This method has advantages and drawbacks. Pros are:

* The search string can contain blanks and wrap across lines
* Upper or lower case characters are treated equal
* Word hyphenation at line ends is detected and resolved
* Return may also be a list of :ref:`Quad` objects to precisely locate text that is **not parallel** to either axis -- using :ref:`Quad` output is also recommended, when page rotation is not zero.

But you also have other options::

 import sys
 import pymupdf

 def mark_word(page, text):
     """Underline each word that contains 'text'.
     """
     found = 0
     wlist = page.get_text("words", delimiters=None)  # make the word list
     for w in wlist:  # scan through all words on page
         if text in w[4]:  # w[4] is the word's string
             found += 1  # count
             r = pymupdf.Rect(w[:4])  # make rect from word bbox
             page.add_underline_annot(r)  # underline
     return found

 fname = sys.argv[1]  # filename
 text = sys.argv[2]  # search string
 doc = pymupdf.open(fname)

 print(f"underlining words containing '{word}' in document '{doc.name}'")
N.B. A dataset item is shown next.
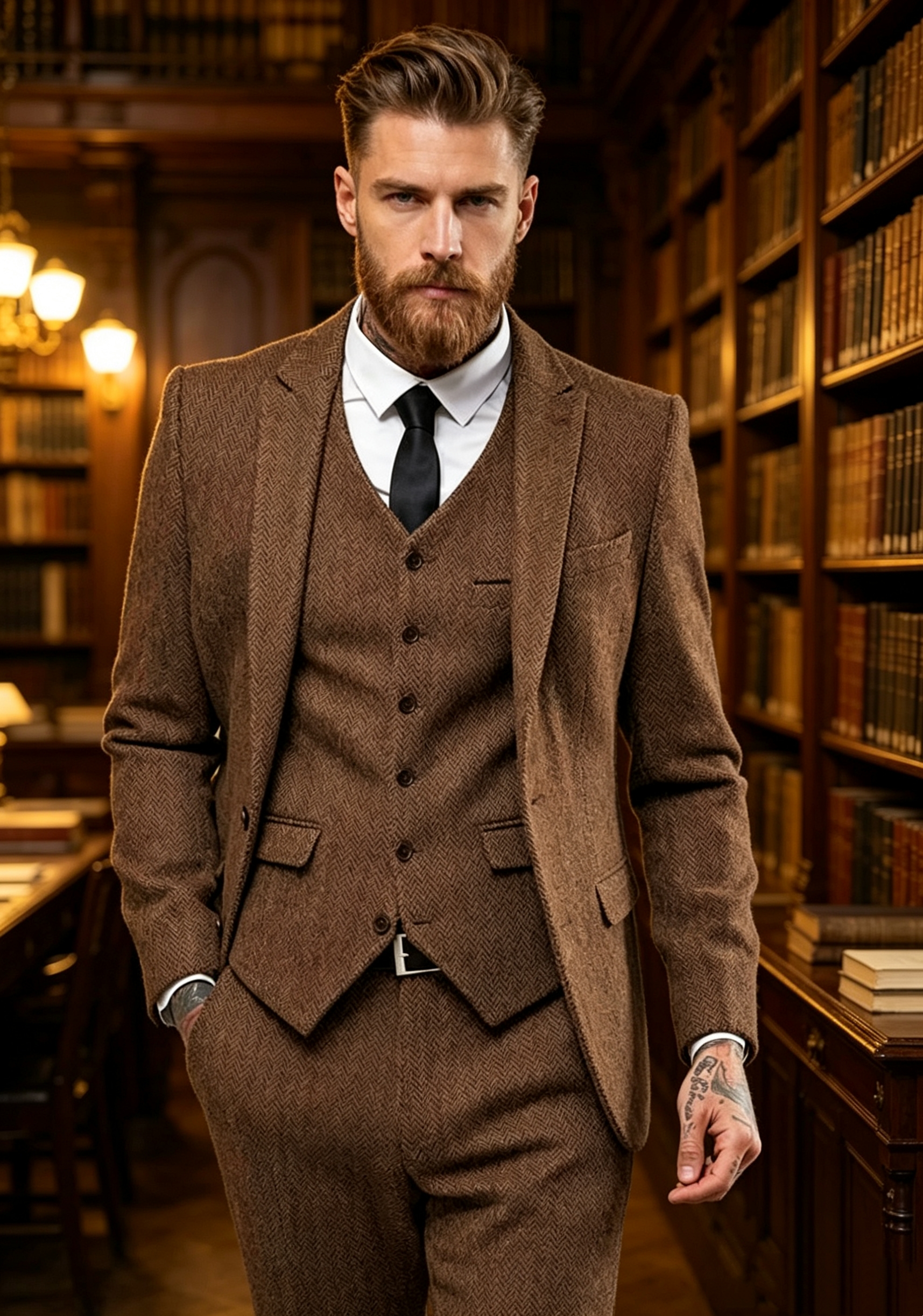 Dark Brown Wool Tweed Winter S – обзор и цена Men Formal Wear Coat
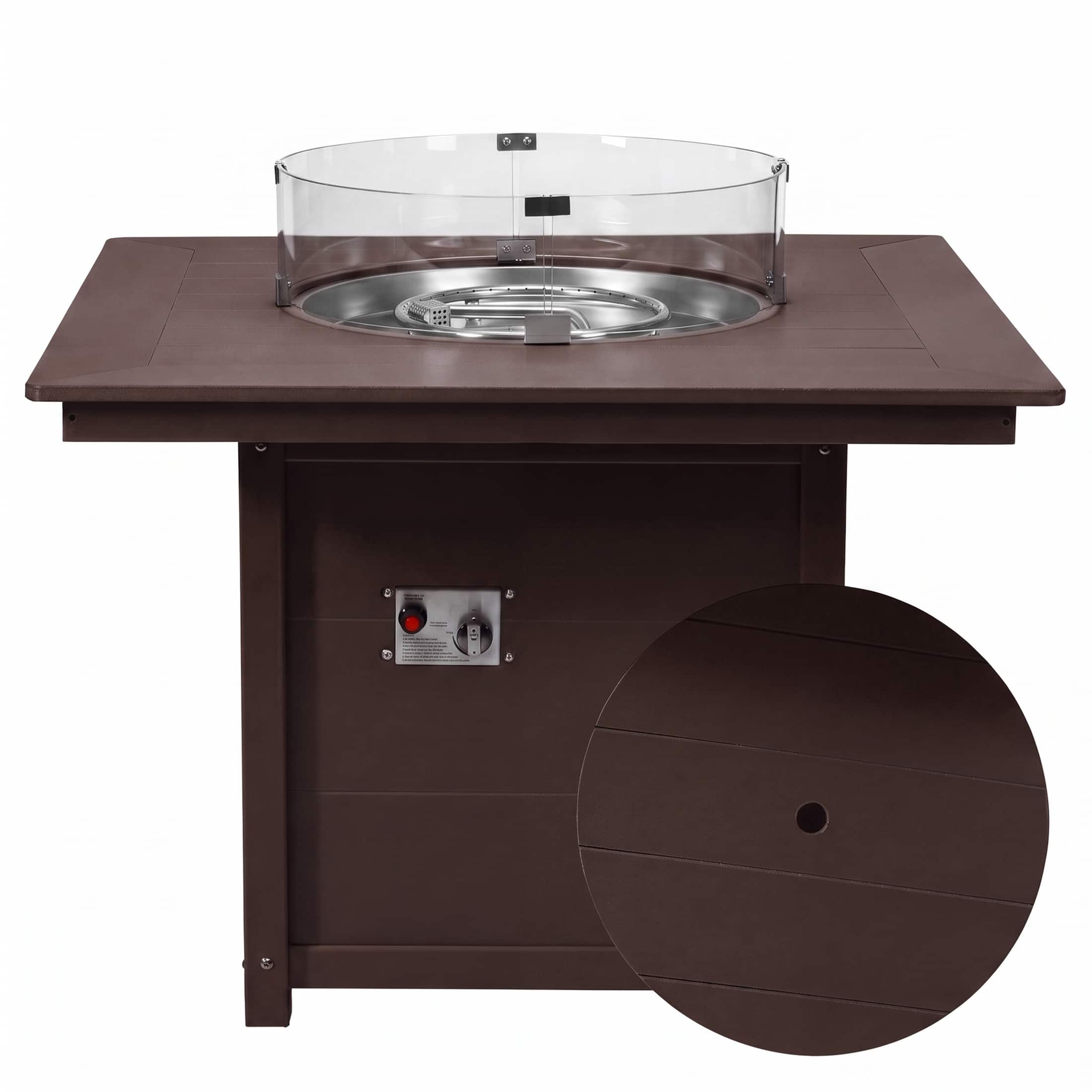 WestinTrends - Helios Modern Outdoor Patio Propane 42" Square Fire Pit Table - Dark Brown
 new_doc = False  # indicator if anything found at all

 for page in doc:  # scan through the pages
     found = mark_word(page, text)  # mark the page's words
     if found:  # if anything found ...
         new_doc = True
         print(f"found '{text}' {found} times on page {page.number + 1}")

 if new_doc:
     doc.save("marked-" + doc.name)

This script uses `Page.get_text("words")` to look for a string, handed in via cli parameter. This method separates a page's text into "words" using white spaces as delimiters. Further remarks:

* If found, the **complete word containing the string** is marked (underlined) -- not only the search string.
* The search string may **not contain word delimiters**. By default, word delimiters are white spaces and the non-breaking space `chr(0xA0)`. If you use extra delimiting characters like `page.get_text("words", delimiters="./,")` then none of these characters should be included in your search string either.
* As shown here, upper / lower cases are **respected**. But this can be changed by using the string method *lower()* (or even regular expressions) in function *mark_word*.
* There is **no upper limit**: all occurrences will be detected.
* You can use **anything** to mark the word: 'Underline', 'Highlight', 'StrikeThrough' or 'Square' annotations, etc.
* Here is an example snippet of a page of this manual, where "MuPDF" has been used as the search string. Note that all strings **containing "MuPDF"** have been completely underlined (not just the search string).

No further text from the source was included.